The day’s Gospel reading from St. Matthew recounts “another difficult moment in the history of salvation,” that of Joseph who discovers that Mary is pregnant, the pope said. “He suffers. He sees the women of the village gossiping in the market.”
At the same time, the pope said, Joseph knows that Mary is a good woman, a godly woman, one incapable of infidelity.
In the difficult moments, he said, the special people chosen by God know they must “take the problem on their shoulders without understanding,” and that is what Joseph does.
The Gospel recounts how an angel appears to Joseph in a dream and explains what has happened. “Perhaps psychoanalysts would say this is a dream prompted by anxiety that needs released — let them say what they want!”
“What did Joseph do? After the dream, he took ‘his wife into his home,'” the pope said. Joseph thought to himself, “‘I don’t understand anything, but the Lord told me this and (the baby) will be like my son.'”

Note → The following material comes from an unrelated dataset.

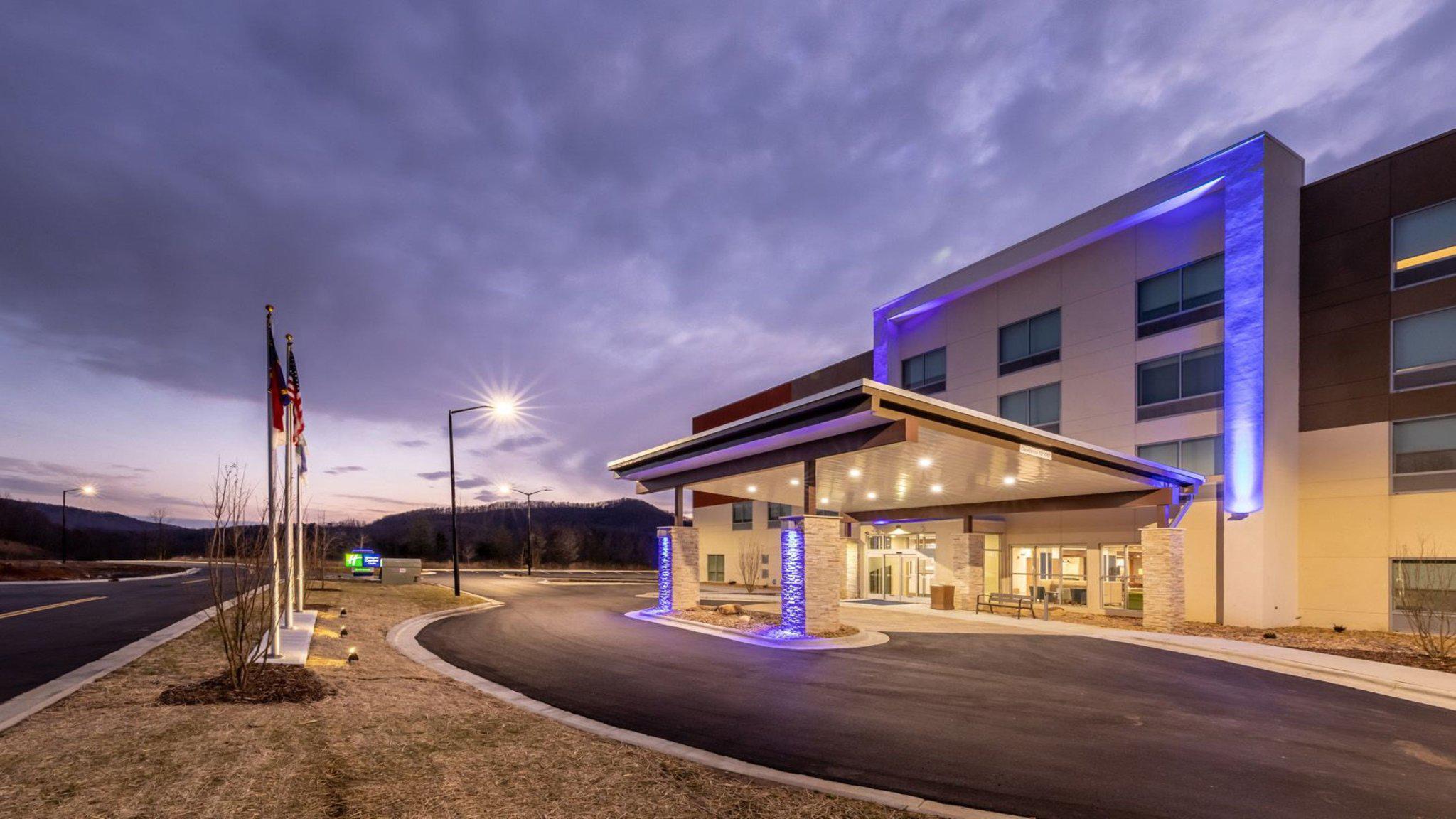 Holiday Inn Express & Suites Marion Photo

Pope Francis told those at the Mass that Christians always must remember that while God may test people, he also helps them overcome trials and saves them.
“Always remember with trust — even in the worst moments, even in sickness, even when we realize that we must ask for extreme unction because there’s no way out — to say: ‘Lord, history did not begin with me and it will not end with me. You keep going, I’m ready.’ And put yourself in the Lord’s hands,” the pope said.